I think I have worked out how to reproduce the problem. If I push the button in hard (all the way in) and hold it there whilst still spinning the crank, it get’s into the deadzone where the gears don’t lock. The button doesn’t spring back out to lock the gear in place, it just get locked in this ‘pushed all the way in’ position. Maybe something is catching?

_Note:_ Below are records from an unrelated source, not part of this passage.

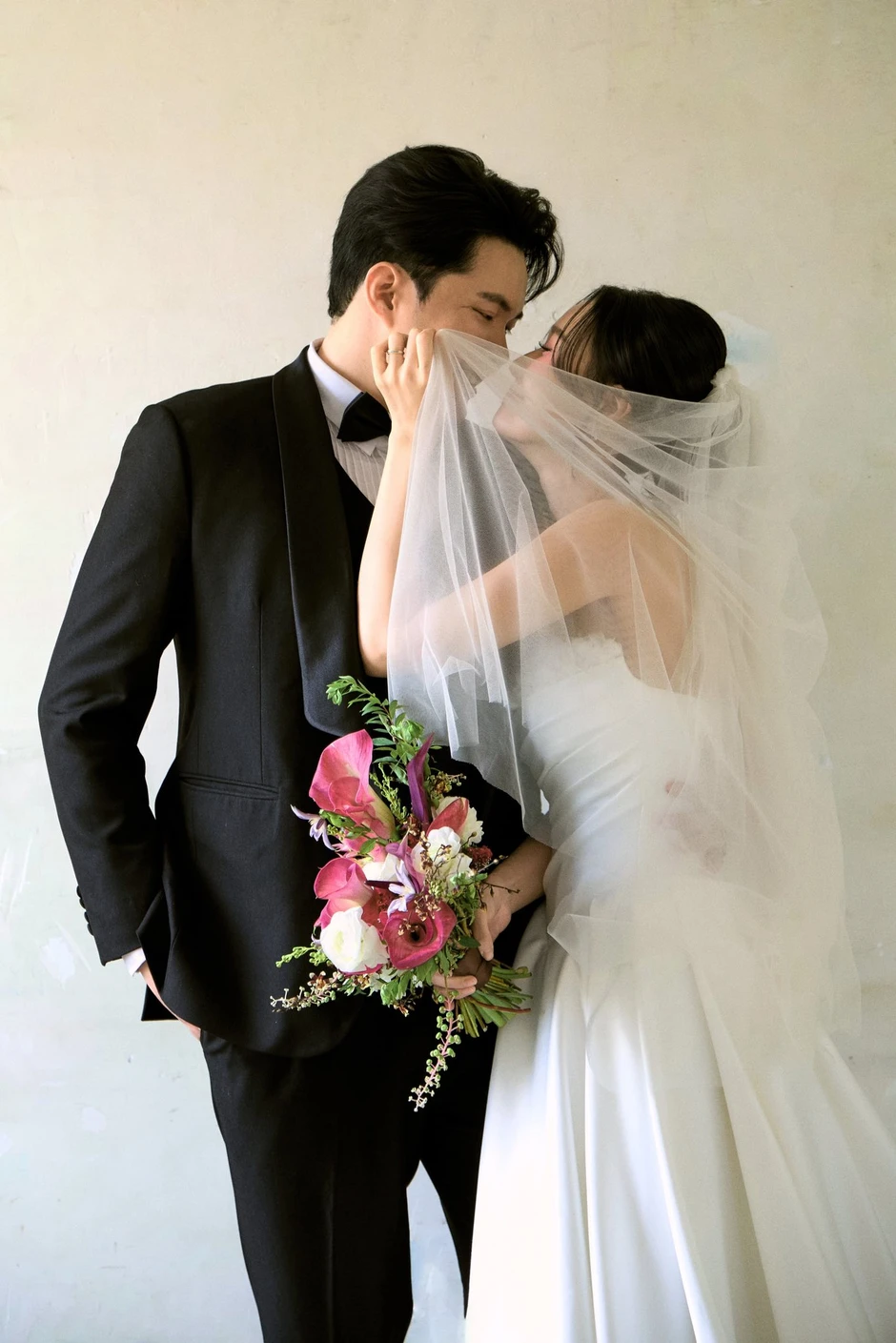 Nhung Gumiho và Andiez Nam Trương tung ảnh cưới lãng mạn, chốt ngày cưới vào cuối tháng 3 Nhung Gumiho và Andiez Nam Trương tung ảnh cưới lãng mạn, chốt ngày cưới vào cuối tháng 3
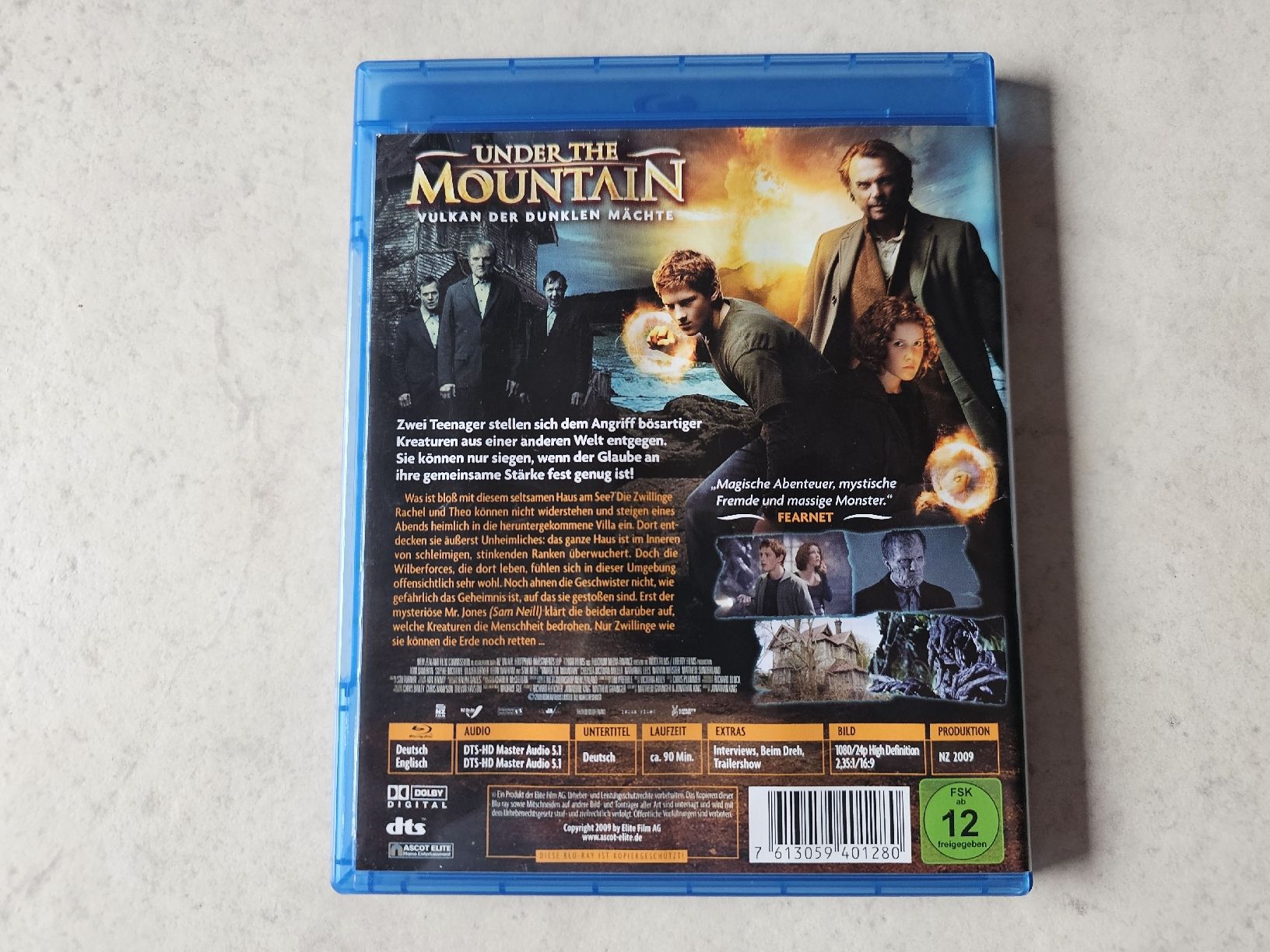 Tutti i DVDs: Under The Mountain  -  Vulkan der dunklen Mächte / Bluray – Usato da Schneisingen venduto da backstore24 1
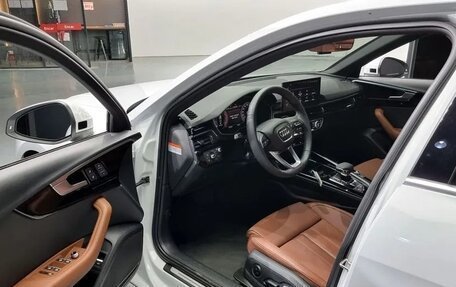 Audi A4, 2020 год, 2 000 000 рублей, 9 фотография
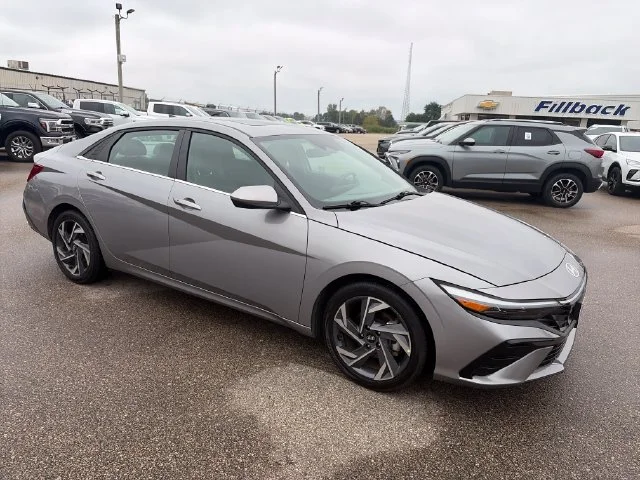 Used 2025 Metal Hyundai SEL Convenience image 10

And here is the answer from the man himself:

"it seems, that there is some bad friction between axle bolt and gear shift
If you can wait a few days, I’d like to send you two pairs of bolts and
buttons with more play, to make sure, that they don’t have any influence on
the shifting process.
We slightly changed the tolerances during the first few monthes of
production, so I could imagine, that the problem has its origin in a pair of
bolts and a pair of buttons, that weren’t checked together.

Is this o.k. for you?"

Florian is awesome. Cheers :stuck_out_tongue:

Ken’s last two replies are comprehensible if you assume that the button needs to be at a specific (spring-loaded?) position for the gear to lock.

This surprised me, and I wasn’t ready to assume that. I just checked my own Schlumpf (moderately old type: square taper but the high number of engagement positions). I have about 1 mm of play on each side, by which I mean that each button can be pushed in against a spring about 1 mm more than the normal pushed-in position. But if I continue pushing in and turn the cranks, the coresponding gear (high for gold, low for silver) stays locked.

So is this dead zone something specific to the newer splined hub? I wouldn’t think so since I’ve always understood that the internals are the same between the two versions. :thinking:

If it’s friction between the shift buttons and the crank bolt, couldn’t you try shifting without the buttons on the wheel by pushing with a thin tool to see if the fail disappears. If shifting then works fine, you and Florian are on the right track. Might save a few days.

That’s what Florian asked me to do, and that’s what I did. I spent about 5-10min trying to reproduce the problem after taking off the button and nut. And I couldn’t.

After that I screwed the nut and button back on and worked out that I could reproduce the problem exactly when I push the button hard (all the way in), whilst turning the cranks. It needs to spring back about a mm or two for the gear to lock. Otherwise, the button seems to get stuck in this hypershifted position and doesn’t come back out that mm to lock the gears with.

From what Florian is saying, there needs to be more play between the button and axle nut, otherwise it could potentially get stuck in this position. That’s why he’s sending me new nuts and buttons.

Hope that made sense.

can you sand alittle off the shaft or buttons ? Just to get by !

I broke my crankarm the other day. Now I have to take off the cranks.

I never touch my cranks until today. I can’t even take the button off.
I used the tools it came with but it seemed to be stripped right away- on both sides.

I got it from UDC…it an original
So if I can hold one button I can loosen the other?

screw extractor sounds like a option

Mine looks like that one but it doesn’t look amputated.
I do see metal filings when I check the 1.5 allen wrench:(

Thanks for the special tools, Schlumpf…NOT
It didn’t help me or I’m too stupid.